Re: [PATCH v2 1/4] seccomp: add a return code to trap to userspace
Hi Oleg, Thanks for taking a look! On Thu, May 17, 2018 at 05:33:24PM +0200, Oleg Nesterov wrote: > I didn't read this series yet, and I don't even understand what are you > trying to do, just one question... > > On 05/17, Tycho Andersen wrote: > > > > +static struct file *init_listener(struct task_struct *task, > > + struct seccomp_filter *filter) > > +{ > > + struct file *ret = ERR_PTR(-EBUSY); > > + struct seccomp_filter *cur; > > + bool have_listener = false; > > + > > + for (cur = task->seccomp.filter; cur; cur = cur->prev) { > > + mutex_lock(&cur->notify_lock); > > Did you test this patch with CONFIG_LOCKDEP ? Yes, with, CONFIG_LOCKDEP=y CONFIG_DEBUG_LOCKDEP=y CONFIG_DEBUG_ATOMIC_SLEEP=y > From lockdep pov this loop tries to take the same lock twice or more, it shoul > complain. I didn't, but I guess that's because it's not trying to take the same lock twice -- the pointer cur is changing in the loop. Unless I'm misunderstanding what you're saying. The idea behind this code is to lock the entire chain of filters up to the parent so that we can ensure none of them have a listener installed. This is based on a suggestion from Andy last review cycle to not allow two listeners, since nesting would be confusing.
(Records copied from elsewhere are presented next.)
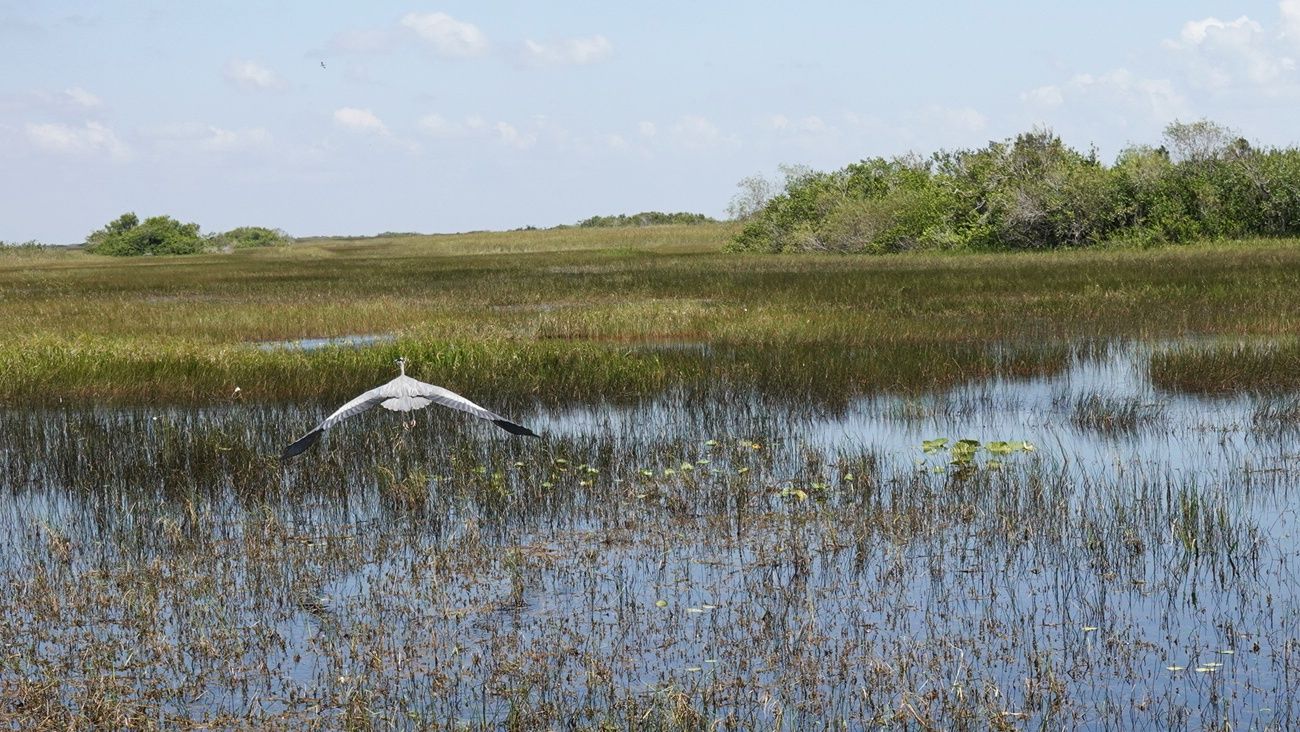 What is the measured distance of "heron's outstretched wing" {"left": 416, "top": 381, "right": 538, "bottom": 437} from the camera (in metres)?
8.53

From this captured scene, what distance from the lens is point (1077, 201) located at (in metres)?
44.4

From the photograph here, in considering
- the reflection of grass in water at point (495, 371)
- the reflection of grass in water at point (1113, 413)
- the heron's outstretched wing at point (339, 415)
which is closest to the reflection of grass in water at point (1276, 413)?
the reflection of grass in water at point (1113, 413)

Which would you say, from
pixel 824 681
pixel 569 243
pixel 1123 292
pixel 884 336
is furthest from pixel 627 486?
pixel 569 243

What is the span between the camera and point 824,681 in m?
6.02

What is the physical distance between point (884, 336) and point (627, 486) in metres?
10.0

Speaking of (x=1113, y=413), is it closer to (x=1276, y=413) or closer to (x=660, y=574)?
(x=1276, y=413)

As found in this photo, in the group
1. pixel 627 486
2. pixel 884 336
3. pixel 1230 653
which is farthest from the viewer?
pixel 884 336

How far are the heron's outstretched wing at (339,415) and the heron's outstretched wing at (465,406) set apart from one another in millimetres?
267

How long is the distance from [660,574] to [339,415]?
2405 mm

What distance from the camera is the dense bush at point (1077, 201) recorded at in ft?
140

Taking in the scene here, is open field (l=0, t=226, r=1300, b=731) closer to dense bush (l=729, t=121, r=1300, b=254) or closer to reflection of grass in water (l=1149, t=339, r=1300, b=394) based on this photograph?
reflection of grass in water (l=1149, t=339, r=1300, b=394)

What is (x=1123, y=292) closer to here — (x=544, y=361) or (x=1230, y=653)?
(x=544, y=361)

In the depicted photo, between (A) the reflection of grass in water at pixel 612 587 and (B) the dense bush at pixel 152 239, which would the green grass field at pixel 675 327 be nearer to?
(A) the reflection of grass in water at pixel 612 587

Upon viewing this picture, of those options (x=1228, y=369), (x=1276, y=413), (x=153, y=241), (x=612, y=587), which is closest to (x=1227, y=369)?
(x=1228, y=369) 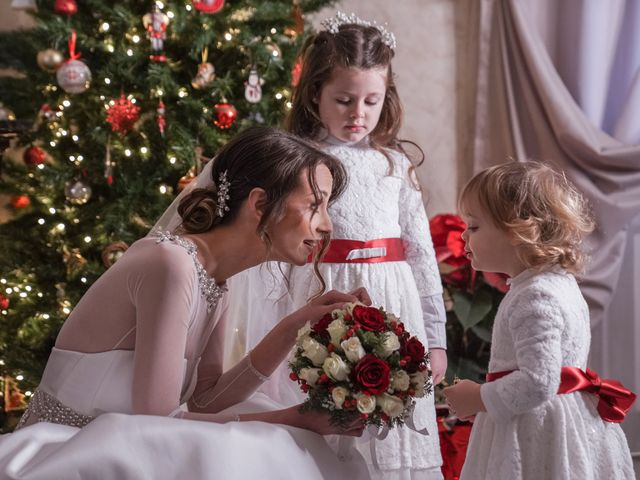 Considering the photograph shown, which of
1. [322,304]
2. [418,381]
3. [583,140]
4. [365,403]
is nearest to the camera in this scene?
[365,403]

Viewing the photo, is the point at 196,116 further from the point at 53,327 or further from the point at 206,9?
the point at 53,327

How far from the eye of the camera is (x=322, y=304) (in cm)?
219

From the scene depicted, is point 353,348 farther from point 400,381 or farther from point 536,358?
point 536,358

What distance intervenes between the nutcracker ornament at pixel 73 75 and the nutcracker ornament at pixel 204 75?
19.2 inches

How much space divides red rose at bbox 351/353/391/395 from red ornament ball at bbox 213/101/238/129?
222 cm

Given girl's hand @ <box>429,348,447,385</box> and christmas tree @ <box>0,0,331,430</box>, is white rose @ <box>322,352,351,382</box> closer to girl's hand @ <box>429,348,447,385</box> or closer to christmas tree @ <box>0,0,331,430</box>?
girl's hand @ <box>429,348,447,385</box>

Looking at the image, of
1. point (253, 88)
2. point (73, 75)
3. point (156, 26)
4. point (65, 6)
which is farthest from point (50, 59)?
point (253, 88)

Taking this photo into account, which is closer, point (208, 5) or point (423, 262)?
point (423, 262)

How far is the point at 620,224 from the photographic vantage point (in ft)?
13.3

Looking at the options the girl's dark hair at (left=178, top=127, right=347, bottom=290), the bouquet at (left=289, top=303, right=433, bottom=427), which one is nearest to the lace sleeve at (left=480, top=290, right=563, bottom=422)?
the bouquet at (left=289, top=303, right=433, bottom=427)

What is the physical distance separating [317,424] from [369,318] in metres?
0.27

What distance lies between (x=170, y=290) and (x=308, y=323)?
0.34 m

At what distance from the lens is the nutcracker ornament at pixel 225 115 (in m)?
3.85

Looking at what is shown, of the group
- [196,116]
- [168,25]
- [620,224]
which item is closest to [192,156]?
[196,116] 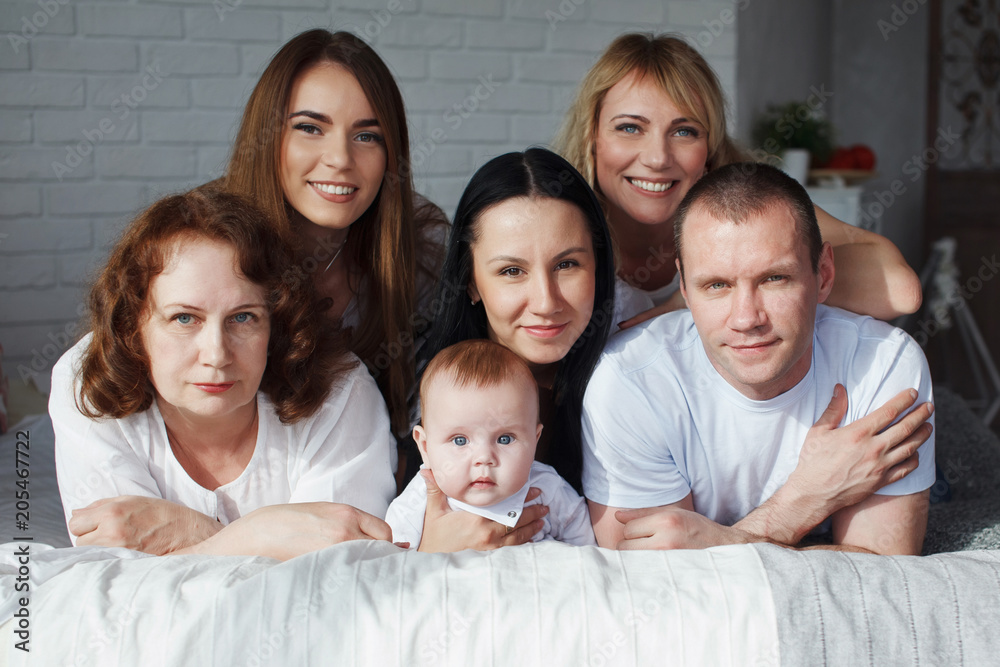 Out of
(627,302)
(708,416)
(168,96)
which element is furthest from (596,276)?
(168,96)

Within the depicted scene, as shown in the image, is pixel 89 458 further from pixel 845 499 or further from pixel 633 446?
pixel 845 499

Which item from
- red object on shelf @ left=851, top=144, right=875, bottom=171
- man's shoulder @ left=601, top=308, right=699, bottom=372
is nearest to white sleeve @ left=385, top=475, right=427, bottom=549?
man's shoulder @ left=601, top=308, right=699, bottom=372

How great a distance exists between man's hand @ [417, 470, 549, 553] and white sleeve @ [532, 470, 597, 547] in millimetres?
52

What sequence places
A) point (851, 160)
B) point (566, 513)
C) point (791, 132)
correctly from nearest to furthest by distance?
point (566, 513) < point (791, 132) < point (851, 160)

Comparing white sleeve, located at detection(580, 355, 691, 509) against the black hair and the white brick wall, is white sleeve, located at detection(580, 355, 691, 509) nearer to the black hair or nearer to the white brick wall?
the black hair

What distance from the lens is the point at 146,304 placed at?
1.40 m

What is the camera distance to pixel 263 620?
3.51 feet


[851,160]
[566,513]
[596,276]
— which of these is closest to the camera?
[566,513]

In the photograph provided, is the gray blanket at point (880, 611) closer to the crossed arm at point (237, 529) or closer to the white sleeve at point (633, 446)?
the white sleeve at point (633, 446)

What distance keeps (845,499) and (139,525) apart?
4.00ft

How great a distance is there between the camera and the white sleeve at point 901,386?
1.48 metres

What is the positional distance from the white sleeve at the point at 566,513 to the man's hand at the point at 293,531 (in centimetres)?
33

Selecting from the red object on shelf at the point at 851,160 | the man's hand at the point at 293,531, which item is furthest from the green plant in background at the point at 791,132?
the man's hand at the point at 293,531

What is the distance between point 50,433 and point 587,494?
1.38 m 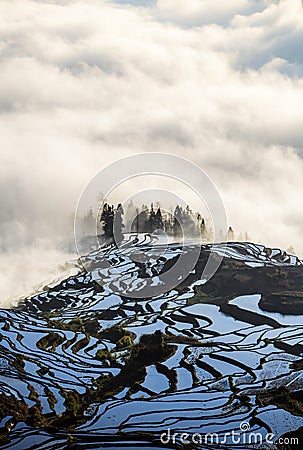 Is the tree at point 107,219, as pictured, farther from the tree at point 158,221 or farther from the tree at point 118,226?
the tree at point 158,221

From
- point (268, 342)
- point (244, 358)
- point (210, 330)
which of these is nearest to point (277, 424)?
point (244, 358)

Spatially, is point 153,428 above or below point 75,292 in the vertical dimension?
below

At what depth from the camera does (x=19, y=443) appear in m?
42.8

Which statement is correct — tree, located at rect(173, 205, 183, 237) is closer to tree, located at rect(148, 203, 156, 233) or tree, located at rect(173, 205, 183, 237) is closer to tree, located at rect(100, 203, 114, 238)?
tree, located at rect(148, 203, 156, 233)

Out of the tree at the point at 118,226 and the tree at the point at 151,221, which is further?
the tree at the point at 151,221

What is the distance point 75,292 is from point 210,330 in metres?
31.1

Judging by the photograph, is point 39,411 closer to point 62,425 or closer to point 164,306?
point 62,425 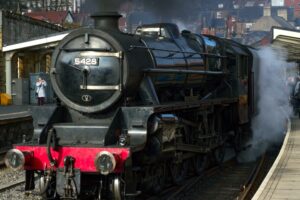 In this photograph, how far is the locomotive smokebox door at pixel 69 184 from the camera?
7453 mm

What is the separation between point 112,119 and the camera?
8.00m

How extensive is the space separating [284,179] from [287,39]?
13198mm

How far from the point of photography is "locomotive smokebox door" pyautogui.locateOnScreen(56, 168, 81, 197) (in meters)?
7.45

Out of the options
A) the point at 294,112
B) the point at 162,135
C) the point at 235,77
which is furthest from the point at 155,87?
the point at 294,112

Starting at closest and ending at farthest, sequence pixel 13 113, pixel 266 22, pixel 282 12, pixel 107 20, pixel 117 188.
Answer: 1. pixel 117 188
2. pixel 107 20
3. pixel 13 113
4. pixel 266 22
5. pixel 282 12

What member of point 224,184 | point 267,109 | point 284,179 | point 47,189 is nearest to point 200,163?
point 224,184

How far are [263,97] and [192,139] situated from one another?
736 centimetres

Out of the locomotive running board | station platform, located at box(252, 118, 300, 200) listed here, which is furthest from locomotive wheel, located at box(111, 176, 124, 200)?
station platform, located at box(252, 118, 300, 200)

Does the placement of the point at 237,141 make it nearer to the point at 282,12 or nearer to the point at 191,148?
the point at 191,148

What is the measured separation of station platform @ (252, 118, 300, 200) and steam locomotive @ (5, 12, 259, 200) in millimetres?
1659

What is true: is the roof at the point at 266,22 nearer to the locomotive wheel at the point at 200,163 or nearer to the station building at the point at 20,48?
the station building at the point at 20,48

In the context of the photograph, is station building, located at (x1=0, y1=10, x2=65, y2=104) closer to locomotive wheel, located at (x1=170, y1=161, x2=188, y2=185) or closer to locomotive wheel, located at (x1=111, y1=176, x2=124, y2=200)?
locomotive wheel, located at (x1=170, y1=161, x2=188, y2=185)

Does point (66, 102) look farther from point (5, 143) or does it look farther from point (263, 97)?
point (263, 97)

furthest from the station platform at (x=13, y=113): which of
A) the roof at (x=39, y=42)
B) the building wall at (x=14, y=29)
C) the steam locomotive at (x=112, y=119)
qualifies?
the steam locomotive at (x=112, y=119) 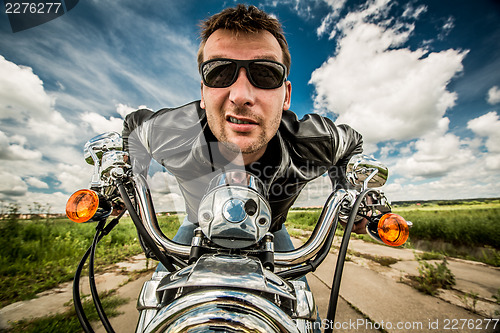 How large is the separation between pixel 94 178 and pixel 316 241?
0.91m

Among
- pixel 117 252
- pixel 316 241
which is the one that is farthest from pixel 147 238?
pixel 117 252

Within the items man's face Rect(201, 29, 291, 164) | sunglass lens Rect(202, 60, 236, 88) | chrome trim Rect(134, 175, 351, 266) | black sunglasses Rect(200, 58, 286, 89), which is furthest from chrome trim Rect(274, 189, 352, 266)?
sunglass lens Rect(202, 60, 236, 88)

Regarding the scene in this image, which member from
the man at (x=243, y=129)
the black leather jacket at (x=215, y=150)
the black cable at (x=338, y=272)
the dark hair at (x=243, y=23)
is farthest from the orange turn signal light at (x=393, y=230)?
the dark hair at (x=243, y=23)

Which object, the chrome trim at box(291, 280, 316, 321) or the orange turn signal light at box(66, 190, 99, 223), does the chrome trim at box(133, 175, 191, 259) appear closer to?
the orange turn signal light at box(66, 190, 99, 223)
Tycho
Re: [PATCH v2 1/4] seccomp: add a return code to trap to userspace
I didn't read this series yet, and I don't even understand what are you trying to do, just one question... On 05/17, Tycho Andersen wrote: > > +static struct file *init_listener(struct task_struct *task, > + struct seccomp_filter *filter) > +{ > + struct file *ret = ERR_PTR(-EBUSY); > + struct seccomp_filter *cur; > + bool have_listener = false; > + > + for (cur = task->seccomp.filter; cur; cur = cur->prev) { > + mutex_lock(&cur->notify_lock); Did you test this patch with CONFIG_LOCKDEP ? >From lockdep pov this loop tries to take the same lock twice or more, it shoul complain. Oleg.